Para a secretária de Relações Internacionais do PT, Mônica Valente, não há hoje na América Latina organismos e lideranças políticas, “além de boa vontade dos atuais governos latino-americanos”, para mediar o conflito no pequeno país da América Central, que para a secretária tem paralelos com as manifestações de junho de 2013 no Brasil, “com pequenos grupos de estudantes, em especial de instituições privadas, financiados pelos Estados Unidos”.

“O histórico social do País, muito em função dos resquícios da revolução, faz com que a sociedade, de modo geral, responda de maneira violenta aos conflitos, embora o país tenha feito campanhas de desarmamento. Defendemos (o partido) que essas mortes sejam investigadas, e que por meio da manutenção da ordem democrática os nicaraguenses entrem em um acordo de paz.”

O conflito

As manifestações começaram após o governo nicaraguense propor um projeto de reforma da previdência – em pouco tempo abortado -, e se intensificaram depois que a oposição entrou com um pedido de renúncia do presidente Ortega, eleito em 2016 com 72% dos votos.

Há relatos de mais de 300 mortes no país desde a escalada de conflitos entre o governo e manifestantes. As mortes são atribuídas, de um lado ou de outro, a seguranças particulares, à própria polícia nicaraguense, e a grupos paramilitares.

Setores ligados à igreja Católica tentaram intermediar diálogos com o governo após a tensão da reforma previdenciária, mas recuou com a escalada de violência. Agora, os bispos têm sido acusados de estarem mais comprometidos com a oposição que pretende dar um golpe e tirar Ortega do poder.

Esquerda latino-americana dividida

Durante uma sessão do Senado uruguaio, no dia 17 deste mês, o senador e ex-presidente Pepe Mujica aprovou uma declaração que condena os atos de violência e repressão aos manifestantes e das violação dos direitos humanos na Nicarágua por parte do governo de Ortega. “Me sinto mal, porque conheço gente tão velha como eu, porque recordo nomes e companheiros que perderam a vida na Nicarágua lutando por um sonho”, disse Mujica na ocasião.

A Venezuela e a Bolívia manifestaram apoio à Nicarágua e afirmaram que a OEA promovia os interesses norte-americanos e assumia uma postura “intervencionista” com a decisão. 
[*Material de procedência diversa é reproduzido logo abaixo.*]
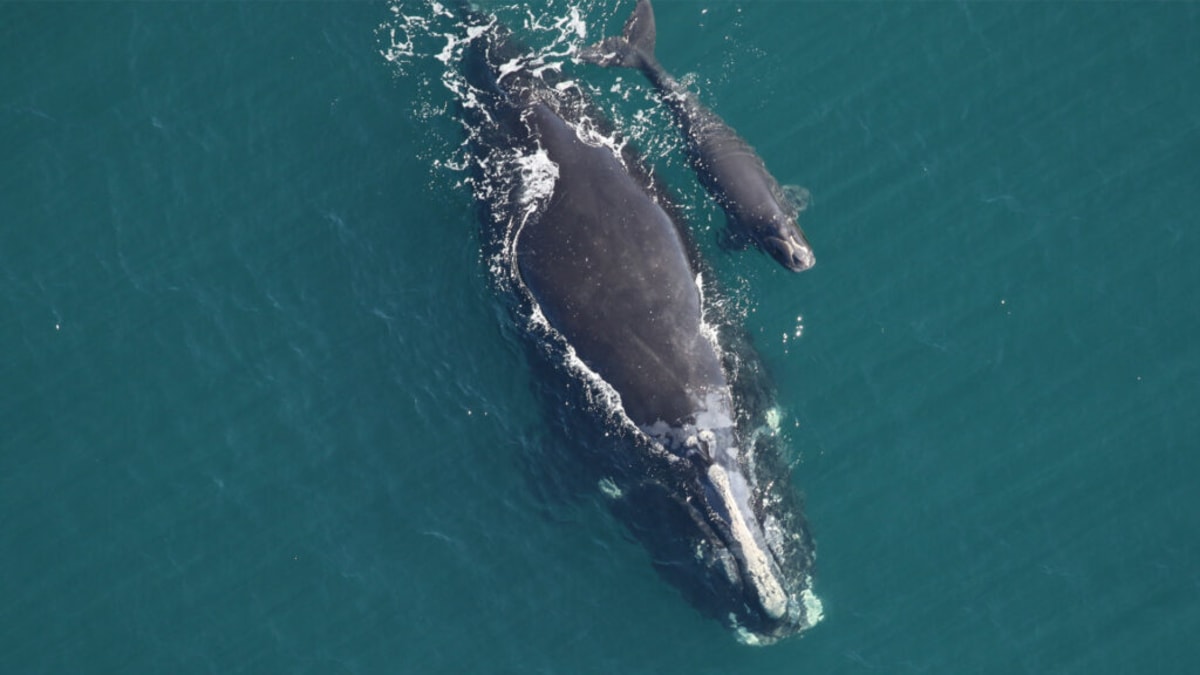 Volunteers Help Save 380 Rare Whales Off Florida Coast - Image 2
No Chile, o Partido Socialista, da ex-presidente Michelle Bachelet, manifestou, em nota, “nossa indignação contra a violenta repressão” e defendeu o “restabelecimento da normalidade democrática” no país centro-americano.
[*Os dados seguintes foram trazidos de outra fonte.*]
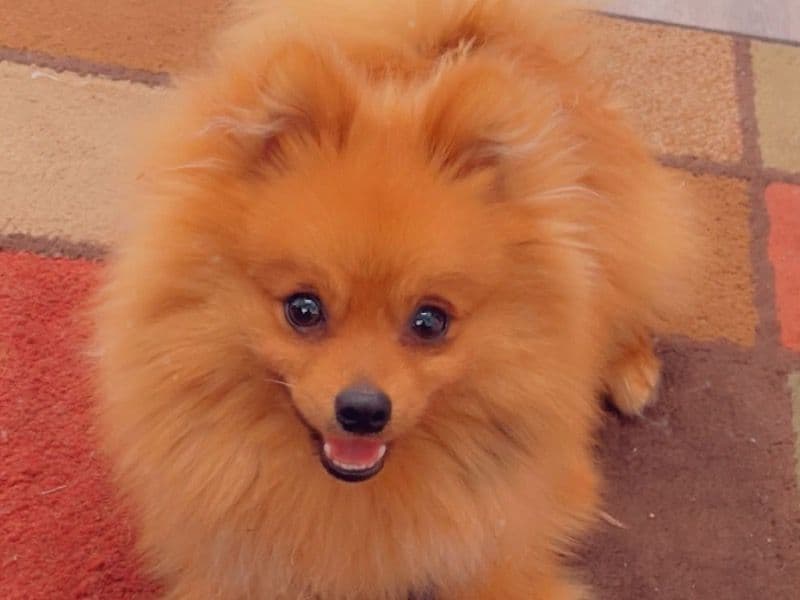 Bruno primary photo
Morte de estudante brasileira 

Na noite de terça-feira 23 a brasileira Raynéia Gabrielle Lima, estudante de medicina em Manágua, capital da Nicarágua, foi morta a tiros nas proximidades do hospital onde dava plantões.
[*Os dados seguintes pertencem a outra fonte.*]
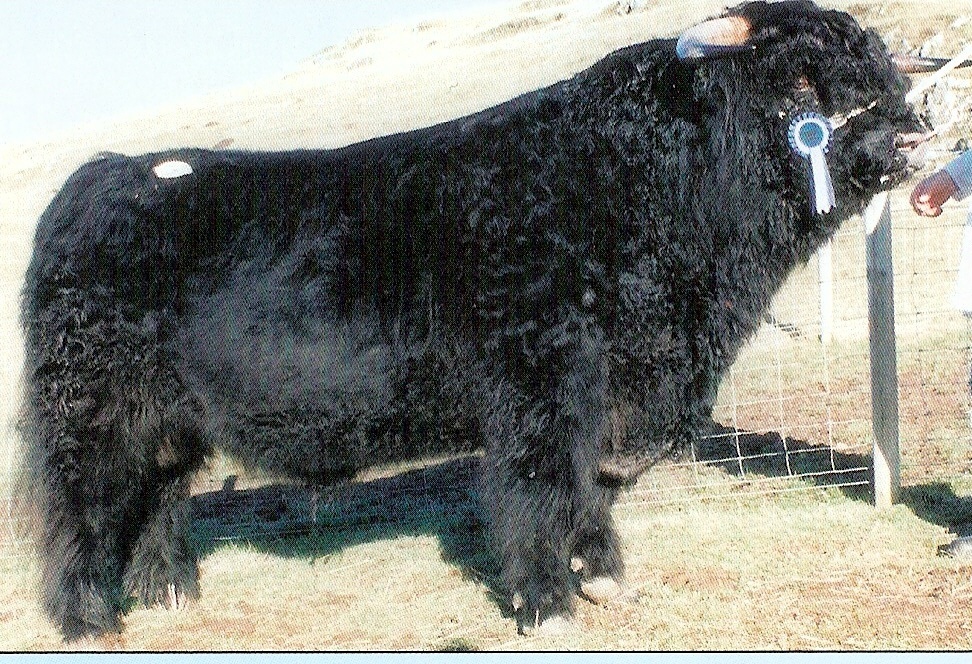 Black Highland Bull Genetics at Ennerdale Highland Cattle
Em nota, a Polícia Nacional, ligada a Ortega, afirmou que um segurança privado, “em circunstâncias ainda não determinadas”, realizou disparos com arma de fogo, sendo que um deles teria atingido a estudante brasileira. Segundo as autoridades da Nicarágua, o “guarda de vigilância privada” está sendo investigado. Há também relatos de que um grupo de paramilitares ainda não identificados é que teriam metralhado o carro de Raynéia.

A estudante foi morta com um tiro no peito. O assassinato foi divulgado pela imprensa local e por integrantes do coletivo de nicaraguenses no Brasil pela Nicarágua, que denunciam o assassinato de opositores políticos ao presidente Daniel Ortega.

O caso reverberou na relações diplomáticas entre Brasil e Nicarágua . O Itamaraty chamou, para consultas, o embaixador brasileiro na Nicarágua, Luís Claudio Villafañe Gomes Santos. A embaixadora da Nicarágua no Brasil, Lorena Del Carmen, também foi convocada para prestar esclarecimentos. Ela esteve no Itamaraty em reunião com o subsecretário de América Central e Caribe, Paulo Estivallet.